### Exercise
Write the data out again exactly, with every picture removed.

### Data records

....................

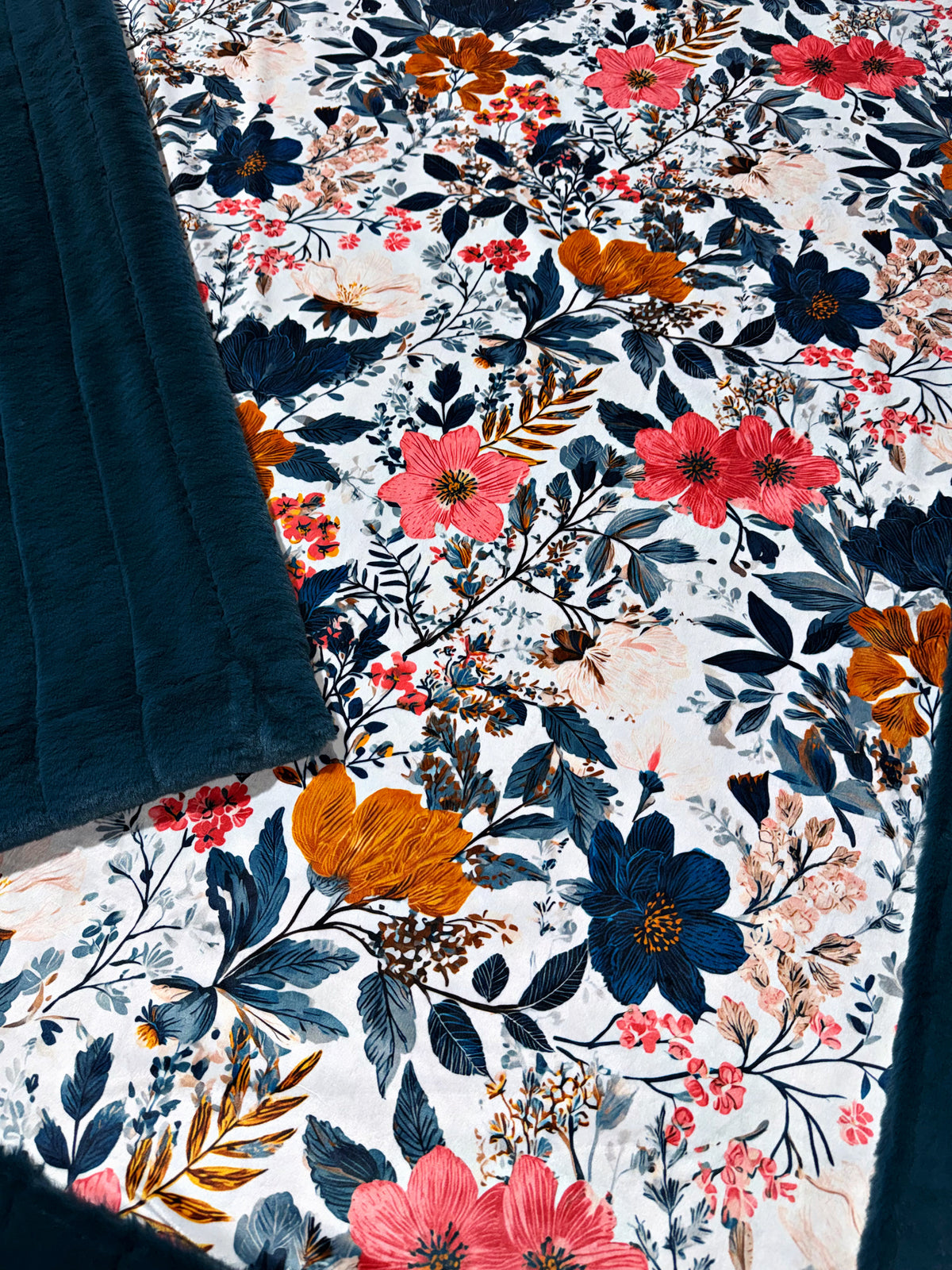 Extra Luxe Sydney Pretty Florals Xl Adult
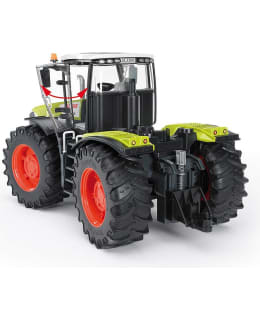 BR03015 CLAAS ZERION 5000 Main Image
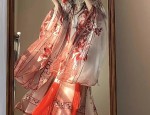 The Enchantment of Ancient Blue Cheongsam:A Tale of Traditional Elegance
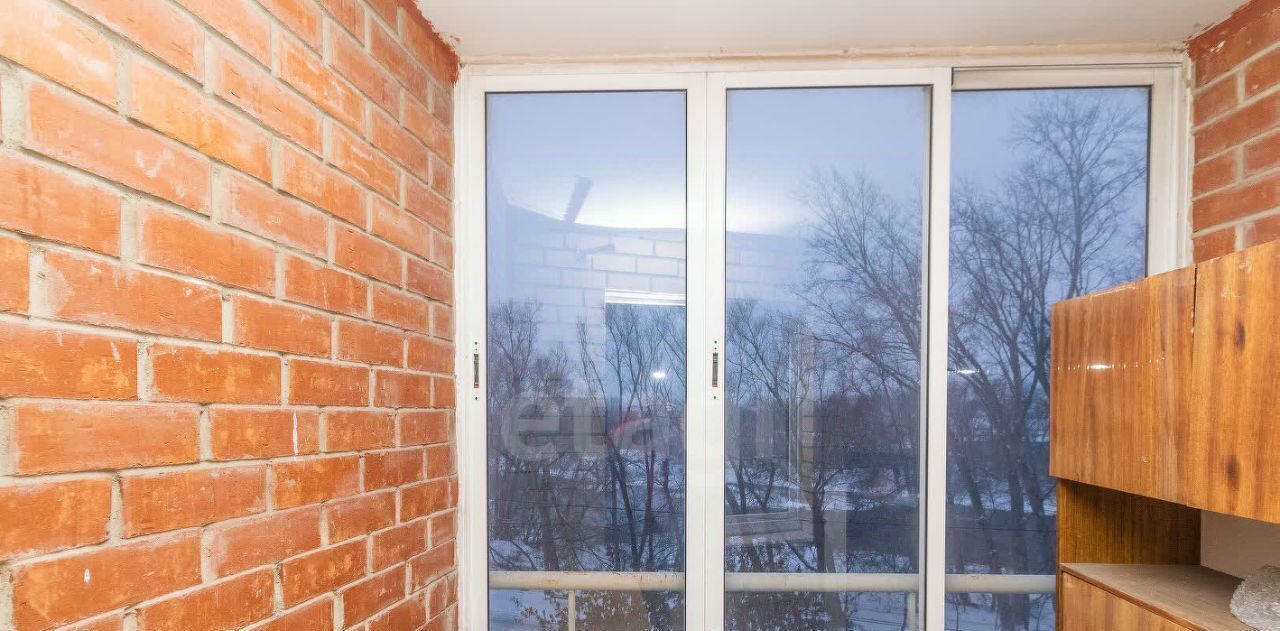 квартира г Челябинск р-н Металлургический ул Калмыкова 16а фото 9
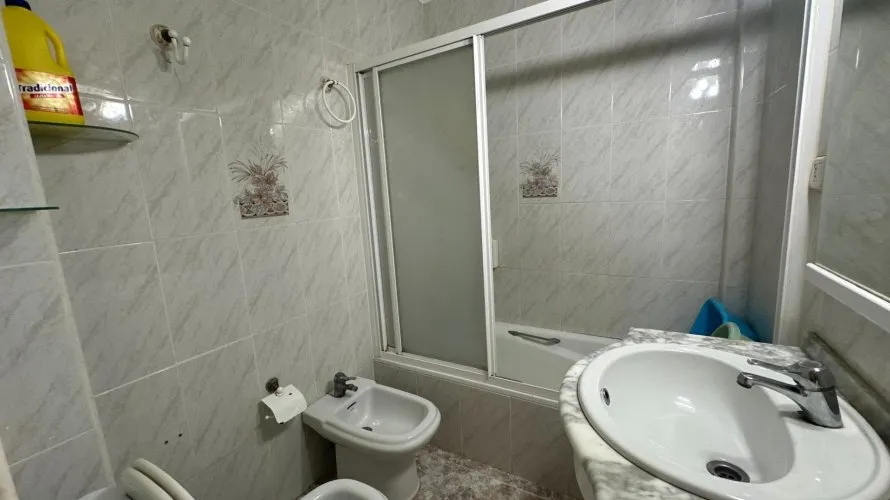 Квартира 77м² в Аликанте, Испания №1541 № 6
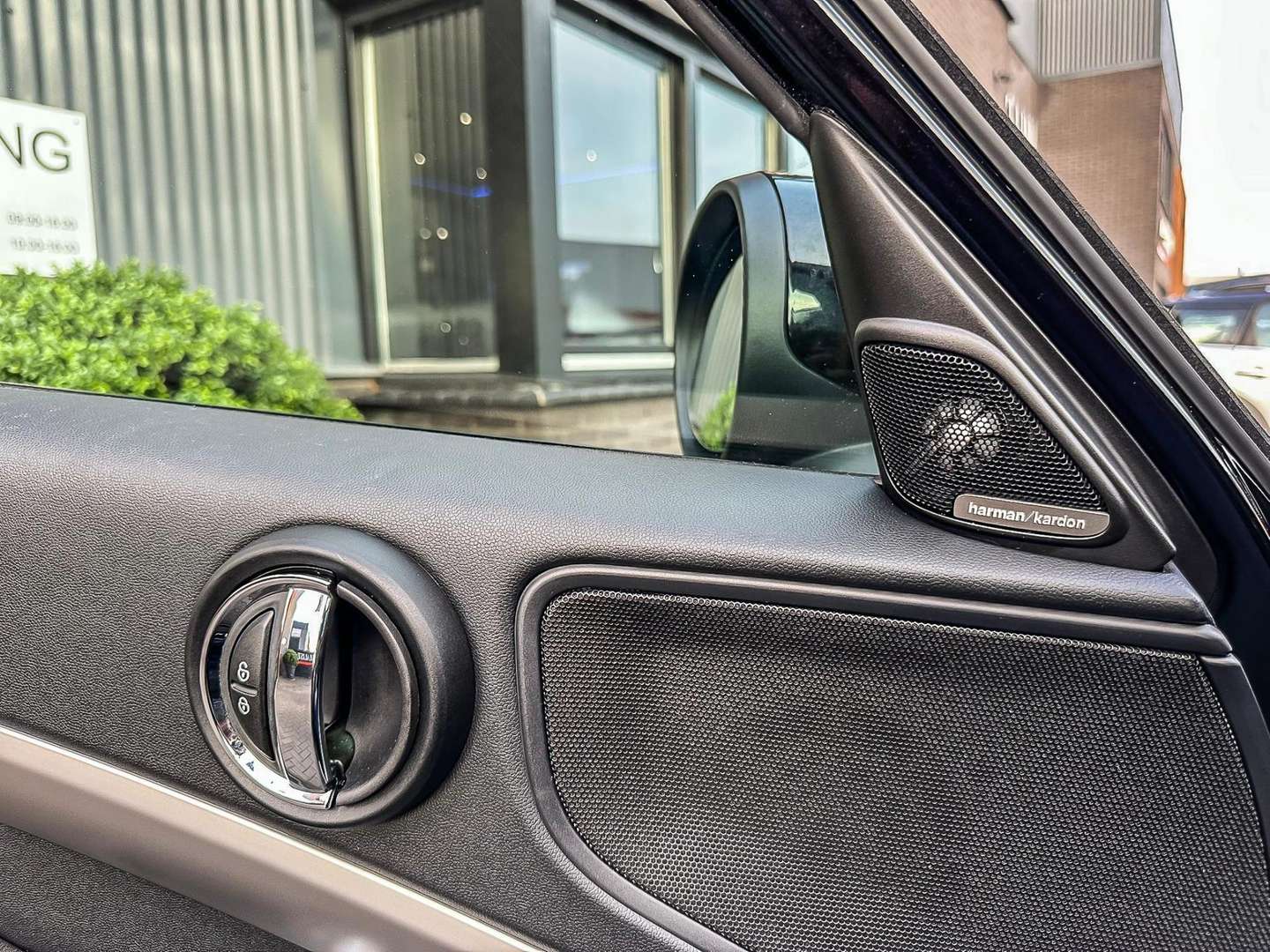 Mini Countryman Yours Cooper SE - 2021 - Joinsteer - #8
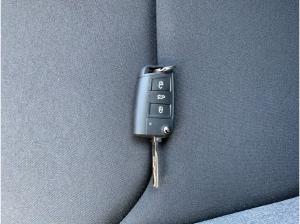 Skoda Kamiq ESSENCE 1.0 TSI LED+SHZ+PDC+SMART-LINK+GRA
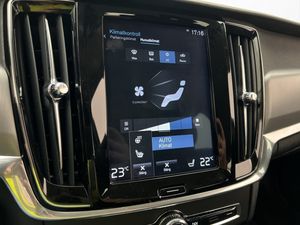 Volvo V90 bild 20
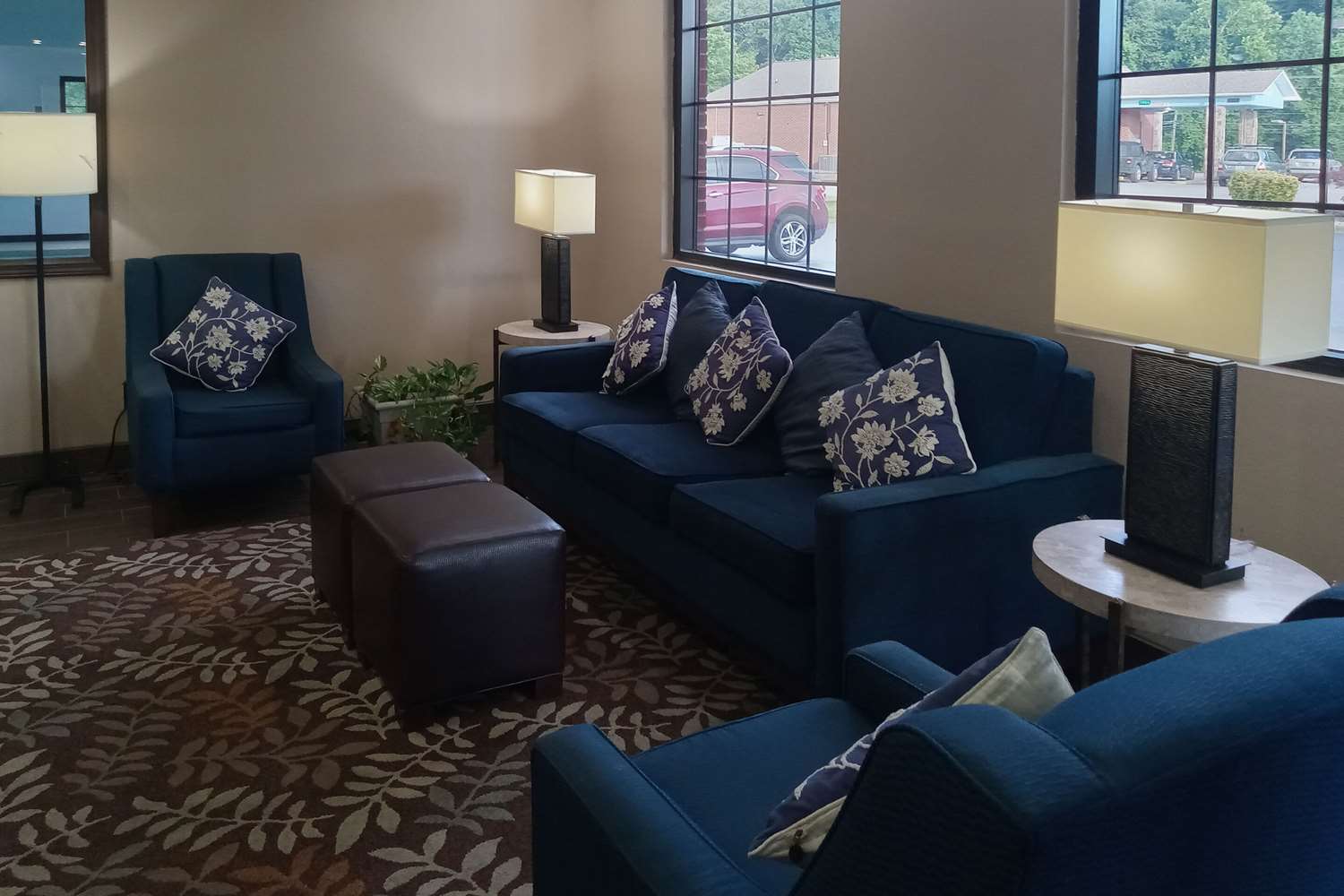 Comfort Inn Marion NC 20/31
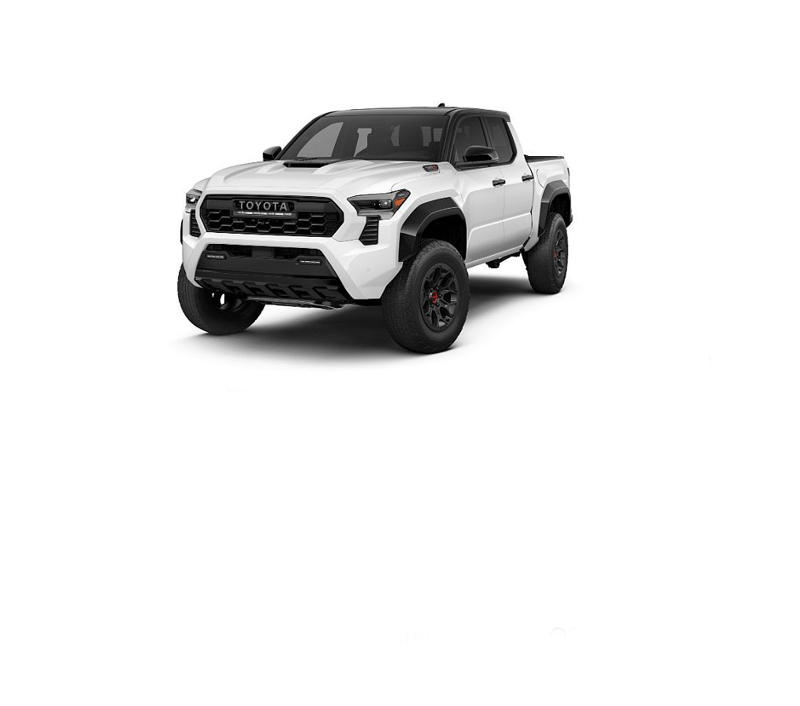 There's Only One Manual Pickup Truck Left In The USA For 2025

....................

### Exercise response
 Extra Luxe Sydney Pretty Florals Xl Adult
 BR03015 CLAAS ZERION 5000 Main Image
 The Enchantment of Ancient Blue Cheongsam:A Tale of Traditional Elegance
 квартира г Челябинск р-н Металлургический ул Калмыкова 16а фото 9
 Квартира 77м² в Аликанте, Испания №1541 № 6
 Mini Countryman Yours Cooper SE - 2021 - Joinsteer - #8
 Skoda Kamiq ESSENCE 1.0 TSI LED+SHZ+PDC+SMART-LINK+GRA
 Volvo V90 bild 20
 Comfort Inn Marion NC 20/31
 There's Only One Manual Pickup Truck Left In The USA For 2025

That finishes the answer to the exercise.